Single words incorrectly segmented into character sequences
lhcoder opened this issue · 4 comments
@bminixhofer Hello,
I've encountered an issue within the code at
wtpsplit/wtpsplit/utils/__init__.py
Line 452 in 0f675f7
When processing texts like "Abstract", "Hello", and "Hello Hello", the predicted token_logits values are consistently high. As a result, it tends to split these words into individual character sequences, e.g., ["H", "e", "l", "l", "o"], rather than keeping them as whole tokens.
Perhaps it would be more effective to replace the use of np.min(token_logits)
with a fixed smaller value (e.g., -10) to prevent this overly aggressive splitting.

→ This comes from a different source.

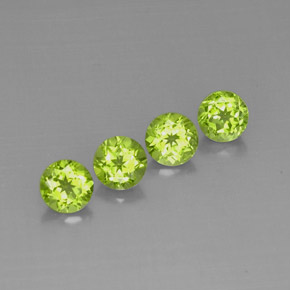 Pedras preciosas de peridoto verde natural de  ct, corte redondo, VVS-VS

Hi, which model are you using so you are getting this behavior?
sat-12l-sm
I see, thanks for the info. I'm not sure if replacing np.min(token_logits)

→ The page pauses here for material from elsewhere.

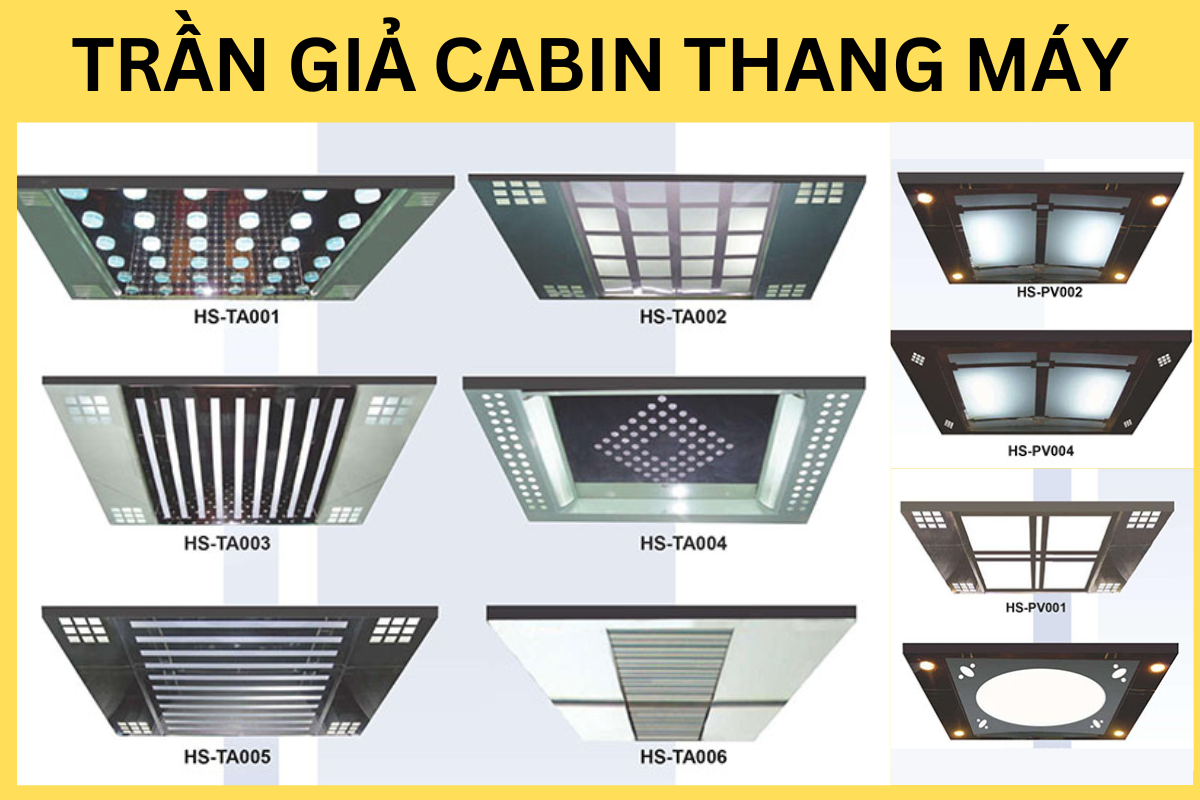 Trần Cabin Thang Máy Trần Cabin Thang Máy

will be a sustainable solution; it may have undesired consequences. In general, such very short sequences are uncommon to try to segment so I assume they are somewhat out of domain. In contrast, "Abstract Abstract." works just fine. To work around this, you could create a simple filter depending on string length.
Another solution would be to use non-SM models, e.g. sat-12l
. SM models have been fine-tuned on a diverse set of sentences, so it is not surprising that sequences that that don't resemble sentences at all fall out of domain. However, the pre-training objective of sat-12l
has been more diverse, so it should be more robust, handling short sequences as well as sentences and paragraphs.
Indeed, in my tests, it split your test cases just fine, e.g.:
>>> sat.split("Hello Hello")
['Hello Hello']
Checked again. and it should actually not be a problem! I pushed a fix in v2.0.8
. Thanks for both raising this and providing a solution! I will close the issue.